**INSTRUCTIONS FOR THE TASK**
Output the complete listing exactly, please, and keep the pictures out of it.

**ENTRIES SUPPLIED**
--*--
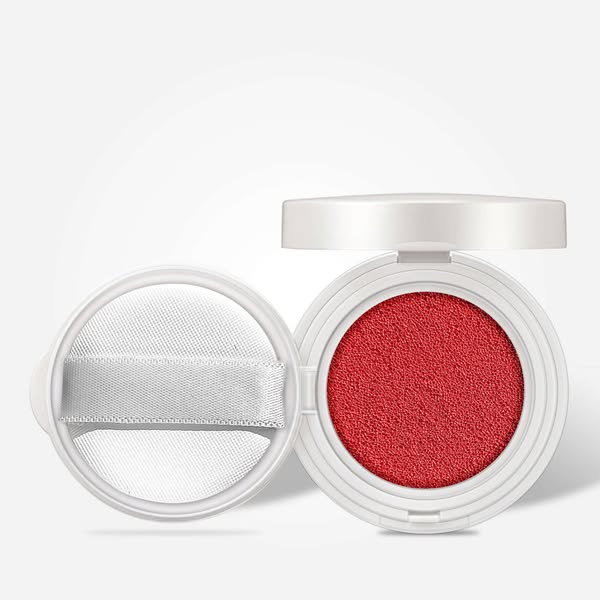 Bloomlight Lipgloss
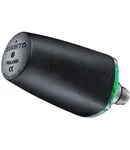 Suunto Transmisor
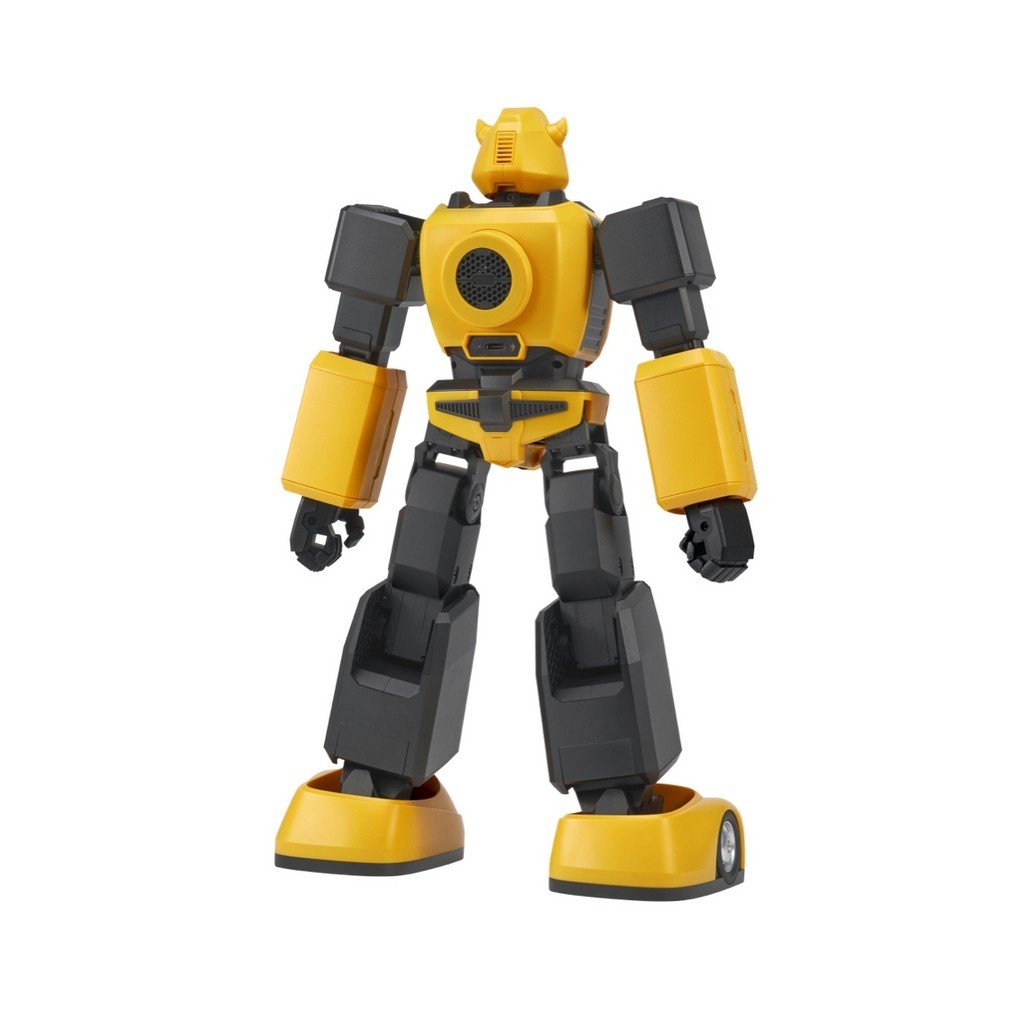 #color_yellow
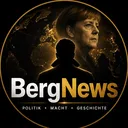 @berg_news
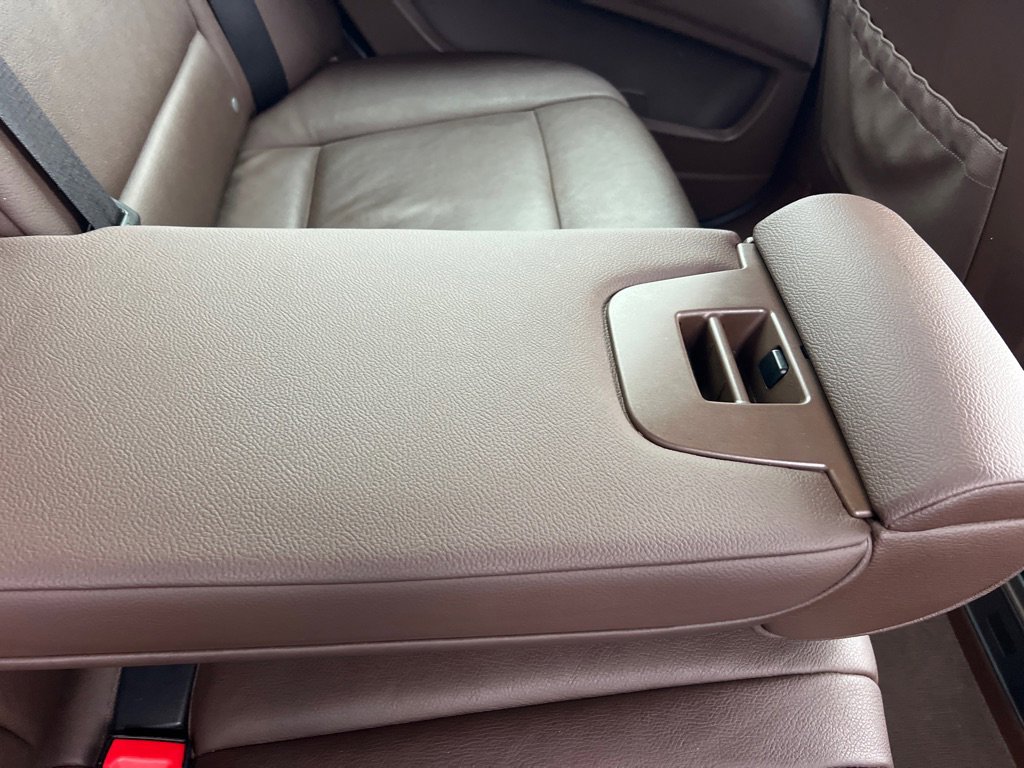 Used 2013 BMW X5 xDrive35i image 20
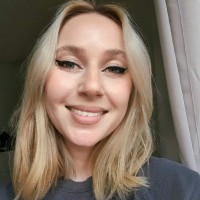 Unibrands AB Employee Julia Rask's profile photo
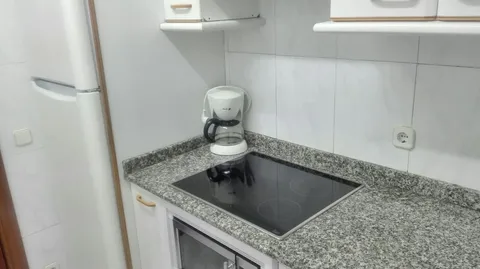 Pis de 63 m² a Santander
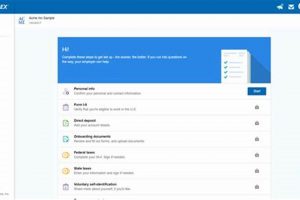 Streamline: Paychex Finish Onboarding Texting Guide Best Final Touch: Elevate Your Projects with Professional Finishing Streamline: Paychex Finish Onboarding Texting Guide | Best Final Touch: Elevate Your Projects with Professional Finishing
--*--
**RESPONSE AREA**
 Bloomlight Lipgloss
 Suunto Transmisor
 #color_yellow
 @berg_news
 Used 2013 BMW X5 xDrive35i image 20
 Unibrands AB Employee Julia Rask's profile photo
 Pis de 63 m² a Santander
 Streamline: Paychex Finish Onboarding Texting Guide Best Final Touch: Elevate Your Projects with Professional Finishing Streamline: Paychex Finish Onboarding Texting Guide | Best Final Touch: Elevate Your Projects with Professional Finishing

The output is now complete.